A: As long as customer personally identifiable information (name, address, contact details, unique identification ID, example- Aadhar) is not shared with the third party vendors and appropriate data security controls are in place while transferring data, we don’t foresee any challenges with banks leveraging support from third party to perform analytics on their data and provide the bank with actionable insights.

Q: Given the lack of good primary research based data in India, won’t flawed analysis have a negative impact on decision making?

A: While banks might have started on the analytics journey recently, they’ve been focusing on data collection for the last two decades. Banks are sitting on a gold-mine of data in terms of customer demographics, customer transaction history, customer bureau data providing a perspective on external lending etc, which can help them enhance effectiveness of customer management, underwriting, collections and various processes.

Q: How can analytics help banks and the economy in dealing with cash crunch due to demonetisation?

A: While analytics can’t help print money faster, use of optimisation algorithm can help optimise distribution of the scarce resource (new currency) optimally across cash dispensing locations (ATMs, Tellers in branches) across all banks such that it reaches the maximum population of India.

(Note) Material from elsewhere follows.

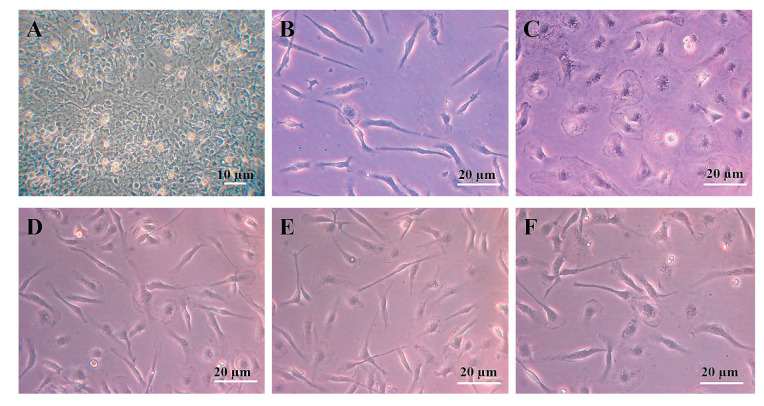 Anti-Inflammatory Properties of Extract of the Hairy Root of Native <i>Portulaca Oleracea</i> L. and Its Effect on Some Inflammatory Genes Expression in Rat Microglial Cells.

Here’s the detailed approach: Currently, the mandate for ATM refilling (which ATMs, what amount) is with each of the banks. This has resulted in a scenario where certain zip-codes have cash out across all ATMs (especially in Tier-2,3 cities), while certain others have multiple bank ATMs within walking distance of each other having cash.

As a short term measure (till the cash crunch is resolved), the RBI can take an “across-bank” view by using geo-spatial visualisation to identify regions where “across banks” ATMs have a cash-out situation.

Population density data can be overlaid on this to further help RBI provide directions for cash routing to certain cash starved locations to help optimise cash distribution such that the pain for a larger segment of the population is alleviated. This can be further augmented to not just optimise cash routing to ATMs, but to any cash dispensing location i.e., bank branches as well to be covered under similar geo-analytics.